Checkpoint data corruption in Spark Streaming - scala

I am testing checkpointing and write ahead logs with this basic Spark streaming code below. I am checkpointing into a local directory. After starting and stopping the application a few times (using Ctrl-C) - it would refuse to start, for what looks like some data corruption in the checkpoint directoty. I am getting:
org.apache.spark.SparkException: Job aborted due to stage failure: Task 0 in stage 80.0 failed 1 times, most recent failure: Lost task 0.0 in stage 80.0 (TID 17, localhost): com.esotericsoftware.kryo.KryoException: Encountered unregistered class ID: 13994
at com.esotericsoftware.kryo.util.DefaultClassResolver.readClass(DefaultClassResolver.java:137)
at com.esotericsoftware.kryo.Kryo.readClass(Kryo.java:670)
at com.esotericsoftware.kryo.Kryo.readClassAndObject(Kryo.java:781)
at org.apache.spark.serializer.KryoDeserializationStream.readObject(KryoSerializer.scala:229)
at org.apache.spark.serializer.DeserializationStream$$anon$1.getNext(Serializer.scala:169)
at org.apache.spark.util.NextIterator.hasNext(NextIterator.scala:73)
at scala.collection.Iterator$$anon$12.hasNext(Iterator.scala:439)
at scala.collection.Iterator$$anon$11.hasNext(Iterator.scala:408)
at org.apache.spark.util.collection.ExternalSorter.insertAll(ExternalSorter.scala:192)
Full code:
import org.apache.hadoop.conf.Configuration
import org.apache.spark._
import org.apache.spark.streaming._
object ProtoDemo {
def createContext(dirName: String) = {
val conf = new SparkConf().setAppName("mything")
conf.set("spark.streaming.receiver.writeAheadLog.enable", "true")
val ssc = new StreamingContext(conf, Seconds(1))
ssc.checkpoint(dirName)
val lines = ssc.socketTextStream("127.0.0.1", 9999)
val words = lines.flatMap(_.split(" "))
val pairs = words.map(word => (word, 1))
val wordCounts = pairs.reduceByKey(_ + _)
val runningCounts = wordCounts.updateStateByKey[Int] {
(values: Seq[Int], oldValue: Option[Int]) =>
val s = values.sum
Some(oldValue.fold(s)(_ + s))
}
// Print the first ten elements of each RDD generated in this DStream to the console
runningCounts.print()
ssc
}
def main(args: Array[String]) = {
val hadoopConf = new Configuration()
val dirName = "/tmp/chkp"
val ssc = StreamingContext.getOrCreate(dirName, () => createContext(dirName), hadoopConf)
ssc.start()
ssc.awaitTermination()
}
}

Basically what you are trying to do is a driver failure scenario , for this to work , based on the cluster you are running you have to follow the below instructions to monitor the driver process and relaunch the driver if it fails
Configuring automatic restart of the application driver - To automatically recover from a driver failure, the deployment infrastructure that is used to run the streaming application must monitor the driver process and relaunch the driver if it fails.

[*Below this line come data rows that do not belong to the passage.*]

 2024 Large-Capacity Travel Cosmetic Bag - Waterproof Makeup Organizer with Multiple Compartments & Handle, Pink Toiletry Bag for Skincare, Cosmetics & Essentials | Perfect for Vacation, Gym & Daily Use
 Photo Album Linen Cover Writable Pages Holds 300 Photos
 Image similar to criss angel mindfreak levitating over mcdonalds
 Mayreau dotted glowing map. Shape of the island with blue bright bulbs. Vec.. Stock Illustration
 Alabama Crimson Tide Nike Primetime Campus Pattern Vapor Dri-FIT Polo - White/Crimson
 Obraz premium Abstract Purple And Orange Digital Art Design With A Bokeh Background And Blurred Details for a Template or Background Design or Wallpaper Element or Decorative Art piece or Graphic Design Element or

Different cluster managers have different tools to achieve this.
Spark Standalone - A Spark application driver can be submitted to
run within the Spark Standalone cluster (see cluster deploy
mode), that is, the application driver itself runs on one of the
worker nodes. Furthermore, the Standalone cluster manager can be
instructed to supervise the driver, and relaunch it if the driver
fails either due to non-zero exit code, or due to failure of the
node running the driver. See cluster mode and supervise in the Spark
Standalone guide for more details.
YARN - Yarn supports a similar mechanism for automatically restarting an application. Please refer to YARN documentation for
more details.
Mesos - Marathon has been used to achieve this with Mesos.
You need to configure write ahead logs as below ,there are special instructions for S3 which you need to follow.
While using S3 (or any file system that does not support flushing) for write ahead logs, please remember to enable
spark.streaming.driver.writeAheadLog.closeFileAfterWrite
spark.streaming.receiver.writeAheadLog.closeFileAfterWrite.
See Spark Streaming Configuration for more details.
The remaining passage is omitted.